Rebuilding Place in the Urban Space

"A community’s physical form, rather than its land uses, is its most intrinsic and enduring characteristic." [Katz, EPA] This blog focuses on place and placemaking and all that makes it work--historic preservation, urban design, transportation, asset-based community development, arts & cultural development, commercial district revitalization, tourism & destination development, and quality of life advocacy--along with doses of civic engagement and good governance watchdogging.

Wednesday, May 18, 2022

What to do about DC area Metrorail?

 A few months ago I wrote a couple posts about how it seems as if DC area transit planning and operations is deliberately designed to destroy support for transit and transit expansion.

-- "Sometimes you have to wonder if transit/transit projects are being deliberately screwed up to make transit expansion almost impossible
-- "A tenure of failure doesn't deserve encomiums: Paul Wiedefeld, WMATA CEO"

The second entry criticizes the Washington Post editorial board for saying the CEO was great even though WMATA got even worse during his tenure, not better.

Then a few days later the Post editorialized something similar ("Metrorail is a mess.

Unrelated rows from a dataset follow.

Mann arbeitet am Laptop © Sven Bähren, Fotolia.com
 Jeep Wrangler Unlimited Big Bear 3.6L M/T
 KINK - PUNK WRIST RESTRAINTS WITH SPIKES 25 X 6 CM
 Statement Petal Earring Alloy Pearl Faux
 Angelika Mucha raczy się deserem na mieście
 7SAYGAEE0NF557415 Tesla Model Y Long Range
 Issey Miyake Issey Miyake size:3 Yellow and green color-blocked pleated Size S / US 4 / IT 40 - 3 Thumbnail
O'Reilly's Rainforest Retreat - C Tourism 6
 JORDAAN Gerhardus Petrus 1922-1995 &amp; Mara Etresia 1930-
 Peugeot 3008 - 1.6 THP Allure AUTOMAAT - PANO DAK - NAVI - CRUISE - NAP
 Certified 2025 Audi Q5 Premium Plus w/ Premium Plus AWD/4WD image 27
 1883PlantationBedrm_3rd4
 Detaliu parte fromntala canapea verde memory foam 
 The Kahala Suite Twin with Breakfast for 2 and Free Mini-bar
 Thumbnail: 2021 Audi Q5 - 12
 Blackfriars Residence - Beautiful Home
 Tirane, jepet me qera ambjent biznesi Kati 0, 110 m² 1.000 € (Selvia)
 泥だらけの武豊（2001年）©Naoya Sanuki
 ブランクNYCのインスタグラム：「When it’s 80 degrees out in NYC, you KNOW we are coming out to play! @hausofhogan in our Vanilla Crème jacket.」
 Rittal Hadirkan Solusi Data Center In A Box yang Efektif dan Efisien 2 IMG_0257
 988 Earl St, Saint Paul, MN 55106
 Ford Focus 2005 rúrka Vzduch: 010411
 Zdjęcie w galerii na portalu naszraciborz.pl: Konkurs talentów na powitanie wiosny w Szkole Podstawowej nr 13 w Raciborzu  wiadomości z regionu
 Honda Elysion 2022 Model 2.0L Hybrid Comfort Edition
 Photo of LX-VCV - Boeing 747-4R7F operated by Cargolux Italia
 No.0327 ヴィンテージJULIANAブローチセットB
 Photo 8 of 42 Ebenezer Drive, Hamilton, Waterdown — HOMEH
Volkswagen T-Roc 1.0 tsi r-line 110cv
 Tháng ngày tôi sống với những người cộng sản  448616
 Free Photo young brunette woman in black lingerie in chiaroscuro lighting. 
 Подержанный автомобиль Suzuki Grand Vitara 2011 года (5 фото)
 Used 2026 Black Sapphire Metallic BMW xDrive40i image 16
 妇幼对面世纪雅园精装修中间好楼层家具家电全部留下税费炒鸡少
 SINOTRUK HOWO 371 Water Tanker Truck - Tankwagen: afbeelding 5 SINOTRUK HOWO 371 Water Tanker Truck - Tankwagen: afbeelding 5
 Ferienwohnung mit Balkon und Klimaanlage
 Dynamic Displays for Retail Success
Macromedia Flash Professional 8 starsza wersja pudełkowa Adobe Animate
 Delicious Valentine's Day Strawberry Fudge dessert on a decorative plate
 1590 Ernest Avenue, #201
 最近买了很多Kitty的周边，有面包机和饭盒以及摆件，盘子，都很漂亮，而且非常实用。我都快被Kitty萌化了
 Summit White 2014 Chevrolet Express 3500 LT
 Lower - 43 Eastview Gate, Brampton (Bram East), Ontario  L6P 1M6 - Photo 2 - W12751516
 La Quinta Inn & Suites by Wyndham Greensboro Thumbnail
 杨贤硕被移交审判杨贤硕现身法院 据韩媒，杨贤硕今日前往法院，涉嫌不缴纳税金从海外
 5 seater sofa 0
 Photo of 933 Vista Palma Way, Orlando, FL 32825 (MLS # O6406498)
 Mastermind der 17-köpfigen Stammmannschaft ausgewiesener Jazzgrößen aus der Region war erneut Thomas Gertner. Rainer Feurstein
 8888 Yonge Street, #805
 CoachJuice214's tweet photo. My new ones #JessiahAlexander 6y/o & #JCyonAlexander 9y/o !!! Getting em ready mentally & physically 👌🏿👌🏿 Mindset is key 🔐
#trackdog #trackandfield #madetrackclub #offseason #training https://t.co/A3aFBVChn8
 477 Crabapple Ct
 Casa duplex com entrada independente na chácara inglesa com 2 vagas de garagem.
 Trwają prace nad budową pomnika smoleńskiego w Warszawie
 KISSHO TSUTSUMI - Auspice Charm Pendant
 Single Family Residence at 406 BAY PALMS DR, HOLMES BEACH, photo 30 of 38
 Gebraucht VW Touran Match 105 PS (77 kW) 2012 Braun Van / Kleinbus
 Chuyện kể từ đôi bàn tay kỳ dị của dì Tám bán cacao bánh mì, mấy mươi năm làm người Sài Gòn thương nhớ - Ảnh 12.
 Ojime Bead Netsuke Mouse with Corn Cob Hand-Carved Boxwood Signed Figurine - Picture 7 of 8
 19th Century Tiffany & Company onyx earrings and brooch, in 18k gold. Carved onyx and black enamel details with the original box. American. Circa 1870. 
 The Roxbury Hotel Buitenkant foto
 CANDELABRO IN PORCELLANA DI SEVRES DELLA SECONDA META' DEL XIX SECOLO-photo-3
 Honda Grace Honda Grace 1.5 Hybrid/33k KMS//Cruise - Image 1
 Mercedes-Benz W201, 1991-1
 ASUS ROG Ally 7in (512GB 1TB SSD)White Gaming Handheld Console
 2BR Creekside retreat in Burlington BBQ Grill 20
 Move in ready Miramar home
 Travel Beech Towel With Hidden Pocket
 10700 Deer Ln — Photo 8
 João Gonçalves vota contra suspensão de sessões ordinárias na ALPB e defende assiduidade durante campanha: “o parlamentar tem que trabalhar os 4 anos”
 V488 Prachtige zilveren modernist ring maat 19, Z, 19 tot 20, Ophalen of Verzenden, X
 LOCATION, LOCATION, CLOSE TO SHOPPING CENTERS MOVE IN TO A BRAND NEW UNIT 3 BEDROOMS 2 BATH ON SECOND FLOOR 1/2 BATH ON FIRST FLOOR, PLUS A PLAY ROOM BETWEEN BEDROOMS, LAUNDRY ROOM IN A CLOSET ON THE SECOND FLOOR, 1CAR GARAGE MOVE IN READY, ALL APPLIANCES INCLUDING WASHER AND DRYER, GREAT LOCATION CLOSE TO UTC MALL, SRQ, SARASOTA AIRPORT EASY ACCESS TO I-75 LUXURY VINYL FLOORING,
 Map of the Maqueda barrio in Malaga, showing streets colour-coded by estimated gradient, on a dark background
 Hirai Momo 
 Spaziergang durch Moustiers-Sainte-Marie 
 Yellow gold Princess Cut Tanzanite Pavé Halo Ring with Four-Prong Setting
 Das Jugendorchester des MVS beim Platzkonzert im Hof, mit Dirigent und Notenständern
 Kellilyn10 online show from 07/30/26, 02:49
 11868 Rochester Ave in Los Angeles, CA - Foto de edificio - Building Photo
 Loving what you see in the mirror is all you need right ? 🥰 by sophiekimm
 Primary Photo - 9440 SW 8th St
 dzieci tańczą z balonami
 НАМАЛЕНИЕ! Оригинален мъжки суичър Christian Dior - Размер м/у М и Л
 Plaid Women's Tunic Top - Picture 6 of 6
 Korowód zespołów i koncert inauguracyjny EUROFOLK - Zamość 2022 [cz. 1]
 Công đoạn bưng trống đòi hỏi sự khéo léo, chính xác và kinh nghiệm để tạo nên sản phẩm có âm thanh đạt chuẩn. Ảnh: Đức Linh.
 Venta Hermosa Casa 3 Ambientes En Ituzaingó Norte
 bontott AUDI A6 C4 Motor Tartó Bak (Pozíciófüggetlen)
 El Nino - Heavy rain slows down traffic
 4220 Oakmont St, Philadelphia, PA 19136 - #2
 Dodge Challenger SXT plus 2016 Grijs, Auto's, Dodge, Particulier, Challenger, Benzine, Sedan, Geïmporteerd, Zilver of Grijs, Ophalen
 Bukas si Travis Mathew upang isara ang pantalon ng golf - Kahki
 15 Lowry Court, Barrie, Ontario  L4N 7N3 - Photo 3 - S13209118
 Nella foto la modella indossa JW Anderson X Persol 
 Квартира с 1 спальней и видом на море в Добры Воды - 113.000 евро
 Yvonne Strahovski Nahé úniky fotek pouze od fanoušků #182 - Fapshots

What’s going to happen when more commuters return?").   

Tom Toles editorial cartoon, Washington Post

This after most of the trains are out of service because of a derailment problem that has sidelined most every train, leading to service of 3-4 trains per hour, in each direction, on each line ("Dramatic drop in DC Metro's on-time performance, rider satisfaction: Report," WJLA-TV).

How could things get any worse?

But they did!

Last week, it was announced that half the train operators aren't certified, that service had to reduced further, and abruptly the CEO accelerated his retirement and the COO resigned ("Top Metro leaders step down one day after agency announces training lapses," Washington Post).

In 1994, the New Yorker ran a story, "Lost in the Mail," about the repetitive failures of the post office system in Chicago.  I remember how they said  because post offices are so embedded within communities, they are more a part of local bureaucratic systems than national (this has changed in the years since) and it was emblematic of local government failure.

WMATA's repetitive failures since 2009, when 9 people died as a result of a signals failure that had been identified but mostly ignored as anomalous rather than an indicator of a systematic problem, have gotten worse, not better.

  • The signals problem still exists.  
  • Financial problems still exist. 
  • Inspection problems and tunnel fires led to a death and injuries
  • ... abetted by poor emergency response action and coordination failures.  
  • For a time financial reporting problems made WMATA ineligible for funding from the Federal Transit Administration.  
  • There are continued problems with how the Operations Center operates
  • and safety on the tracks for workers ("Metro commits to more stringent safety standards to protect track workers," Post)
  • The wheel problems were known but not addressed, until the oversight body required trains be taken out of service.  
  • Now the certification of train operators.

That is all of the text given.